Cloud Computing Boosts Server Sales
Contrary to popular perception in the IT industry, server sales are not dying out: in fact, they’re experiencing a growth spurt. And the type of growth says a lot about where we may be headed in the near- and long-term.
Gartner Inc. recently released its worldwide server revenue tracker, showing that sales for x86 servers increased more than 16% year-over-year, while shipments grew 5.1% from the third quarter of 2016. This may fly in the face of conventional wisdom, which has maintained for years that virtualization has decreased the need for physical servers.
While that was true at one time, the trend appears to be reversing.
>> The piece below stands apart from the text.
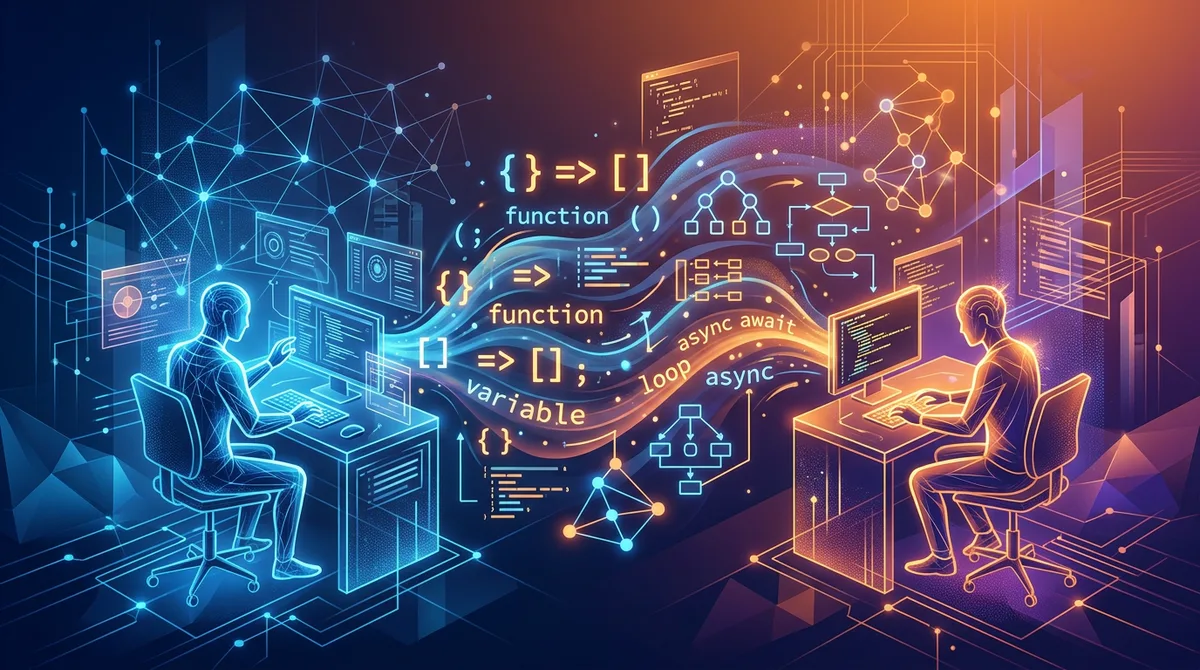 JavaScript technical assessment visualization with floating code blocks and evaluation checkmarks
The reason? Cloud computing.
Jeffrey Hewitt, research vice president at Gartner, confirmed this in a press release. “The third quarter of 2017 produced continued growth on a global level with varying regional results. A build-out of infrastructure to support cloud and hybrid-cloud implementations was the main driver for growth in the server market for the period.”
Hewlett Packard Enterprise Co. (HPE) and Dell EMC remain the leaders in the space. HPE continues to make the most money, with $3.1 billion in revenues, and leads in market share, with 21%. Those numbers, however, represent a slight decline of 3.2% from 2016.
Dell comes in second in both revenues and market share, but unlike HPE, it showed strong growth of nearly 38 percent over 2016.
While those numbers are interesting, the most eye-opening figures in the report come from Inspur Electronics, a Chinese company that specializes in cloud computing. Inspur surpassed $1 billion in revenue for Q3, more than doubling its growth, and nearly catching IBM for third place on the list. Gartner stated that Inspur’s staggering growth was “driven by ongoing sales into China-based cloud providers.”
Inspur specializes in end-to-end HPC, cloud computing, and private and public cloud management. It provides a full service stack and the gamut of “as-a-service” offerings, including Infrastructure-as-a-Service, Platform-as-a-Service and Software-as-a-Service.
Inspur has been around a long time, but their sudden rocketing growth in the cloud space will come as a surprise to many.
Should it, though? Increasing server sales shouldn’t surprise anyone who’s been paying close attention to trends. Cloud computing requires more resources, not fewer. The need to move data back and forth between on-premises data centers and public/hybrid clouds demands faster, more efficient CPUs and storage. Pooling resources only gets you so far; eventually, you have to increase the size of the pool if you want to keep up. Latency – a key factor in cloud usage (or lack thereof) – won’t be overcome only by strategies like using containers and other technologies. You eventually need more hardware, too.
All Thanks to the Cloud
Gartner’s figures were more than backed up by another major analyst firm, IDC, when it released its own Q3 figures. It showed a similar increase in server shipments, and chalked the increase up to the same cause:
“Hyperscalers continued driving volume demand in the third quarter, with Amazon again leading the charge, as Google and Facebook also began ramping up their server deployments again,” said Kuba Stolarski, research director of Computing Platforms at IDC. “While ODMs have largely been the beneficiaries of hyperscaler server demand, some OEMs have now begun to experience significant growth related to the enterprise segment.”
There are several takeaways from this news. One is that you have more choices than ever when it comes to the cloud. Private, public, hybrid – they’re here now, and there’s a lot more coming. New options are open to you to find the perfect fit for your company’s needs and budget. Choice is good.
It also shows the increasing strength of the hyperconvergence market. Hyperconvergence is white-hot right now, and those devices are being built on x86 servers. Hyperconvergence scales fantastically well, and adding capacity is easy. That’s why they’re favored by cloud vendors.
The news follows on similarly good sales news from the previous quarter, demonstrating that this isn’t likely to be a momentary blip on the radar, a small uptick followed by a crash. Propelled by the various manifestations of cloud computing, servers are back, and the future is looking brighter.